Tatler investigates why the San Sebastian Basilica in Manila needs a collective effort to be saved and protected
Manila was once called the “Paris of the East” for its splendid architecture and art. The French connection, however, has been erroneously attributed to the all-metal church on Pasaje del Carmen Street in the Quiapo district for years—that Gustave Eiffel himself had something to do with its construction. The locals of the parish, particularly the Augustinian Recollects who supervise the church, and the individuals fighting for the structure’s preservation take this as a mere urban legend. Still, they firmly believe that the towering San Sebastian Basilica is a treasure of Philippine architecture.
People flock to the Minor Basilica of San Sebastian to worship God and venerate the beautiful image of Nuestra Señora del Carmen, or Our Lady of Mt Carmel, that has been enshrined in the parish for 400 years now. The church was founded in 1621 on what was once a marshland called Calumpang. The land was donated by Don Bernardino del Castilla, a military commander of Fort Santiago, whose only request to the receiving Augustinian Recollects was to dedicate the church to San Sebastian, the patron saint of soldiers and athletes. Fires and earthquakes prompted the friars to rebuild the church in a magnificent neo-gothic style, with cast iron and steel, infused with baroque architecture characteristics.

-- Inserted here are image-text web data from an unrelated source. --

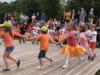 IMG-20210710-WA0018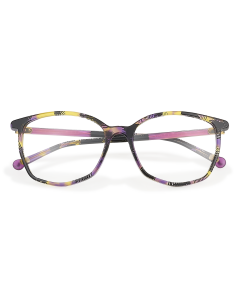 CM581 345 L'inspirante 54/16 2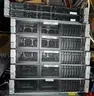 7 hp Servers Gen9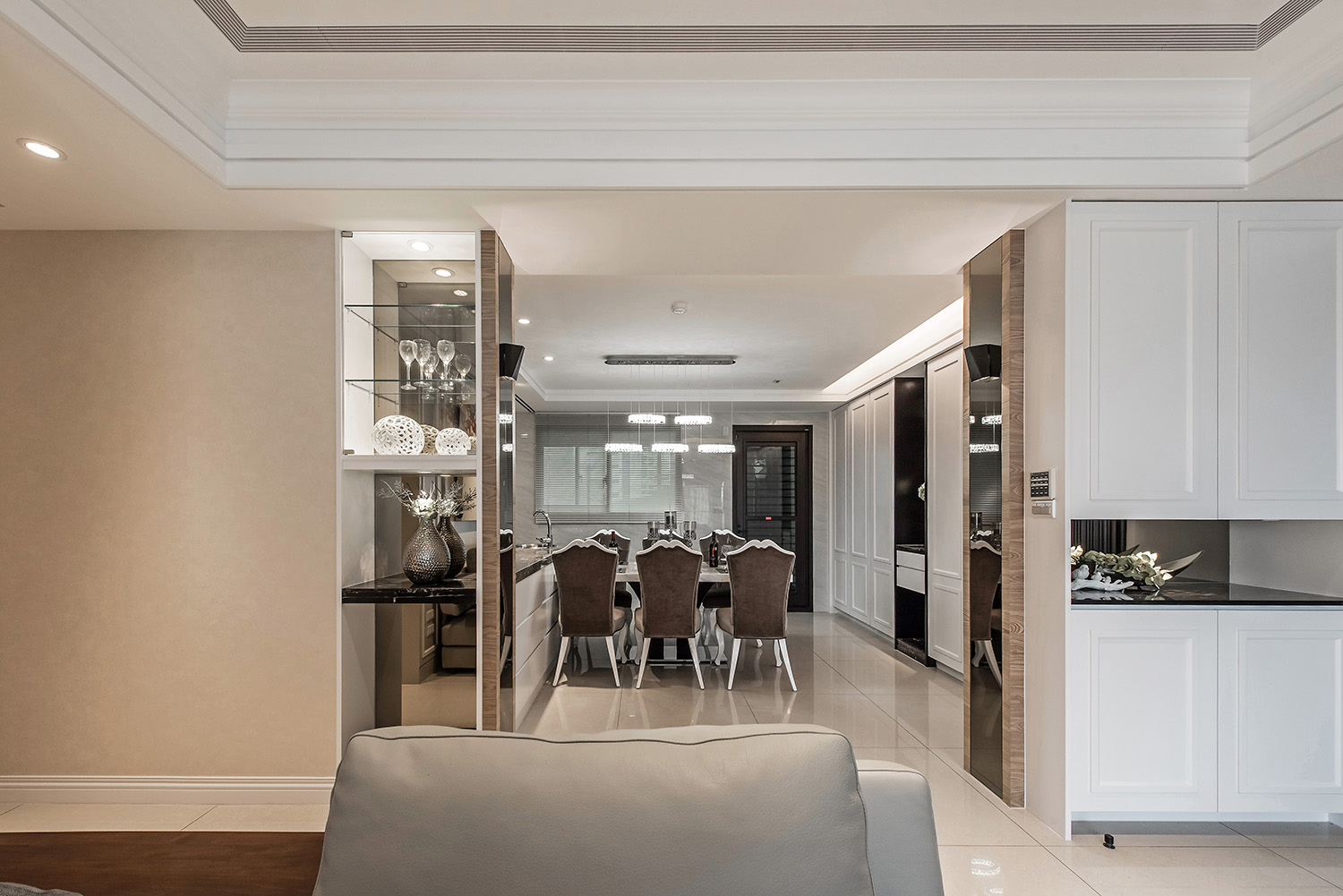 川咏山 | 比沙列设计-28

With industrialism changing the face of the world in the 19th century, the Recollect friars commissioned the Spanish engineer, Genaro Palacios, then head of the Public Works office of the Spanish colonial government in the Philippines, to build the all-metal church we see today. With its uniqueness in the country and the entire Asia at the time (preceding the Bulgarian St Stephen’s Church in Istanbul, Turkey by seven years), it became the first church in the Philippines to be declared a Minor Basilica by the Vatican even before it opened in 1891. With German stained glass, Belgian steel, French foundations, Chinese flooring and Filipino craftsmanship, San Sebastian Basilica is a true architectural marvel that has withstood the test of time.
Until today, when its life is hanging in a balance.